I chose to do what I’m good at while traveling – Wander and Explore. I wandered over to the famous Cementerio de la Recoleta (Recoleta Cemetery) to pay my respects to Eva Perón, the First Lady of Argentina from 1946 to 1952, and many others who rests there permanently.
What happened was unexpected and fun. While at the cemetery, I started chatting with a couple visiting from San Jose, USA and we ended up exploring the city together. They even treated me to a lovely Christmas lunch together at the Palacio Duhau – Park Hyatt. They had chosen to travel alone, while their kids where home in the States. We shared travel stories and life stories, while a quartet played beautiful music on the lawn.
I believe the Universe looks out for each and everyone of us. The saying “You’re never alone when you’re traveling solo” is also very true in my books. One of the biggest myths surrounding solo travel is that you are ALONE. It is furthest from the truth and reality. From personal experience, it is controlled by me, myself and I. How many people do I want to interact with. Who do I want to connect with and how much – is entirely up to me.
For the remainder of the day, I connected with more travelers and locals with my broken Spanish.
If you’d rather not leave it up to the Universe, take a proactive stance. Check into a hostel instead of a hotel. Hostels are not just for students on tight budgets anymore, so don’t let that stigma stop you. However, all hostels that I’ve encountered – expensive or cheap – are filled with travelers looking to connect with others. Many of them have notice boards with postings for people looking to connect and share experiences. I have done many activities with fellow roommates from hostels. You will meet people even if you check into a private room at a hostel. You have the control.
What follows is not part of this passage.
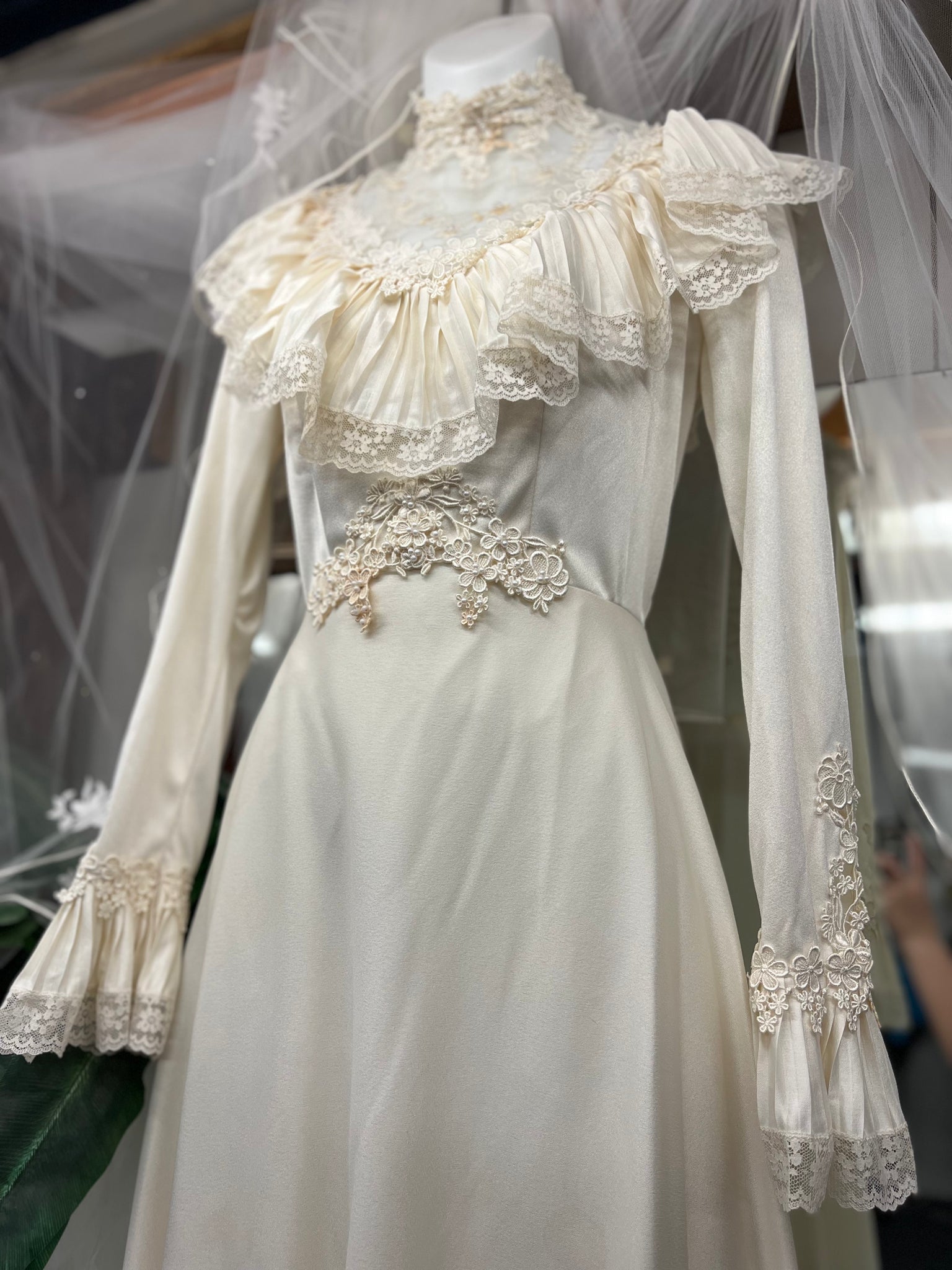 Vintage 70s Prairie Style Wedding Dress – Finders Keepers NY Vintage 70s Prairie Style Wedding Dress – Finders Keepers NY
It IS entirely up to you to define your solo travel experience.
Couchsurfing is a great friendly community, not just for budget travelers looking for a couch to crash. There are many forums on there for fellow CSers to meet and enjoy an activity together. Recently, on a trip to NYC, while I was staying with friends, I met up with CSers to enjoy the famous Macy’s Thanksgiving day parade together.
You are never alone – trust me. Chat with the staff in a store. Comment on the weather with a perfect stranger sitting on the park bench. Ask someone for directions. Question if you’re standing in the correct line for the theater. You never know what that remark will take you. An innocent comment could make your day a lot more interesting than if you chose to keep to yourself.